– Пусть она завтра придет. Я посмотрю её, – сказал тихо Иса, продолжая растирать травы. – Этой беде можно будет помочь.
Мириам кивнула головой, но не смогла удержаться от вопроса.
– Ты сможешь ей помочь?
– Я сказал, посмотрю, – ответил Иса и улыбнулся.
– А как Яков? Его родители беспокоятся за него. По ночам мальчик стонет, иногда плачет во сне.
– Я пытаюсь убрать его боль, но это не всегда получается, – Иса отложил плошку в сторону, осторожно коснулся женской руки. – Его боль пока терпима, корень мандрагоры немного уменьшит её. Я надеюсь, что через месяц мальчик сам сможет встать на ноги. Посмотрим…
– Значит, ты действительно такой хороший лекарь и можешь лечить людей?
Иса только пожал плечами.
– Где же ты учился этому? У тебя был учитель?

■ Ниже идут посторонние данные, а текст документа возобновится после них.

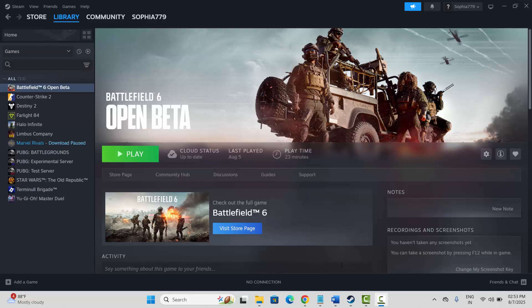Hello friends, welcome back to my channel. In this video tutorial I will show you how to fix the Battlefield 6 can't connect to EA servers error. If you are also getting the same issue and looking for fixes, follow this video guide and follow the steps one by one.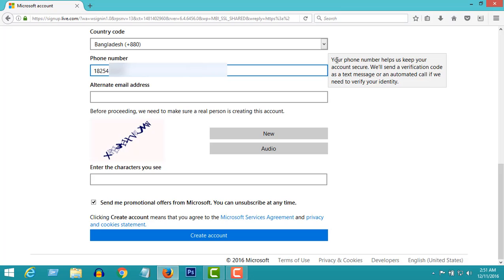Your phone number helps keep your account secure. We'll send a verification code as a text message or an automated call if we need to verify your identity.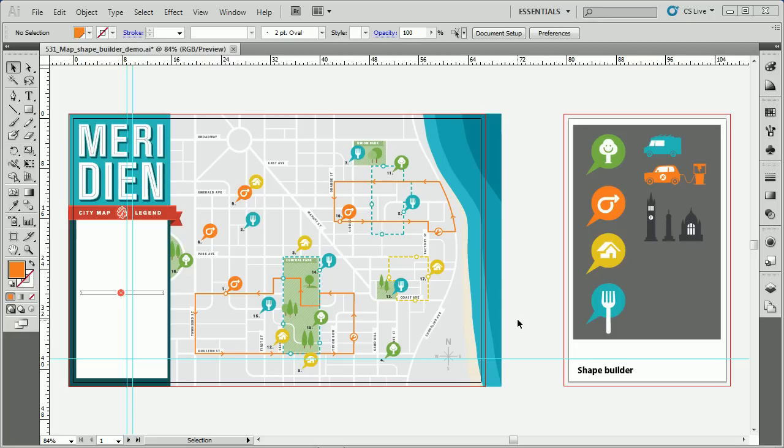I want to show you a way in Illustrator, InDesign, or even Photoshop to get other colors to work with if you're looking for a little bit of inspiration. I'm in Adobe Illustrator CS5 right now, and this applies to CS4 at least for Illustrator. Other programs you're going to have to check.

– Нет, не помню… Исцеление это вера. Кто хочет вылечиться, тот всегда может преодолеть свой недуг. Нужно только верить в себя, а я лишь пытаюсь помочь, исцелить душу… Наверное, в этом мне помогает сам Бог.
– Ты верующий человек?
– Зачем отказываться от того, что тебе предопределенно Отцом нашим? Заповеди просты, и если каждый будет соблюдать их хоть наполовину, мы перестанет бояться завтрашнего дня.
– Скажи, что тревожить тебя? Чего ты боишься? – Мириам крепко сжала его руку.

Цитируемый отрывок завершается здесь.